Beyond multilingual cloning, the transcript also highlights ElevenLabs’ “voice design” workflow for creating voices from scratch. With a paid Voice Design tier, the creator generated a randomized voice, iterated on accent settings (including attempts at British, Australian, and American), and then used the new synthetic voice to read a scripted message. The generated voices were described as capable of sounding impressive, though accent controls appeared inconsistent—changing accent strength could unexpectedly alter pitch or tone.
Overall, the tests suggest ElevenLabs’ multilingual model is a real step toward identity-preserving voice translation, especially for short-form dialogue and languages like German where accent shaping is more convincing. But longer multilingual narration still needs work to eliminate artifacts and maintain stable, human-like delivery—an issue the creator repeatedly noticed when switching between multilingual and monolingual outputs.
Cornell Notes
ElevenLabs’ experimental multilingual text-to-speech model can speak through an identity-cloned voice in multiple languages (English, German, Polish, Spanish, Italian, French, Portuguese, Hindi). In English, the multilingual model sounded very similar to the older monolingual model, suggesting the main change is language capability rather than a dramatic quality shift. German showed the clearest improvement: the multilingual model reduced the heavy American accent compared with the monolingual model, and “phonetic” prompting changed how words were pronounced. Spanish exposed current weaknesses—longer passages developed glitches, volume swings, and unstable voice characteristics. ElevenLabs also offers voice creation from scratch via Voice Design, letting users generate new synthetic voices and adjust accent-related parameters, though results can be inconsistent.

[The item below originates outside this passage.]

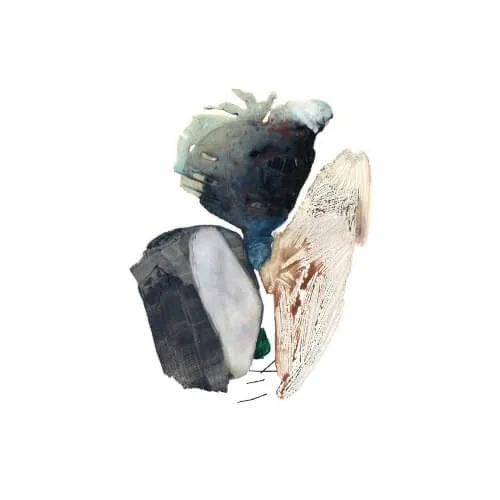 Destruction, Not Reformation cover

What languages does ElevenLabs’ experimental multilingual model support, and how was that tested?
How did the multilingual model perform in English compared with the monolingual model?

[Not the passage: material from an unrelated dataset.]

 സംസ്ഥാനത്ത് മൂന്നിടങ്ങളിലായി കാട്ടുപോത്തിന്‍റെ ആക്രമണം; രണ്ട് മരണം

Why did German sound different across models, and what role did “phonetic” prompting play?
What went wrong with Spanish narration, and what does that imply about current multilingual limits?
How does ElevenLabs’ “voice design” feature change the workflow compared with cloning?
Review Questions
- In what ways did the multilingual model improve or fail compared with the monolingual model for German and Spanish?
- What evidence from the Spanish test suggests the multilingual model struggles with longer generations?
- How did the creator’s “phonetic” German approach differ from direct German, and what effect did it have on perceived pronunciation?
Key Points
- 1
ElevenLabs’ experimental multilingual text-to-speech model supports English, German, Polish, Spanish, Italian, French, Portuguese, and Hindi using the same cloned voice identity.
- 2
English output from the multilingual model was broadly similar to the monolingual model, with differences that looked like normal generation variation.
- 3
German showed stronger accent adaptation in the multilingual model, while the monolingual model produced a noticeably heavy American accent.
- 4
“Phonetic” prompting for German changed pronunciation guidance, but the multilingual model still delivered a distinct accent and cadence compared with monolingual output.
- 5
Spanish long-form narration exposed instability in the multilingual model, including glitches, volume swings, and shifting voice characteristics.
- 6
ElevenLabs’ Voice Design enables creating voices from scratch (not only cloning), though accent controls can behave inconsistently.
- 7
For now, monolingual output appears more reliable for longer English narration, while multilingual is promising for cross-language identity-preserving speech—especially on shorter lines.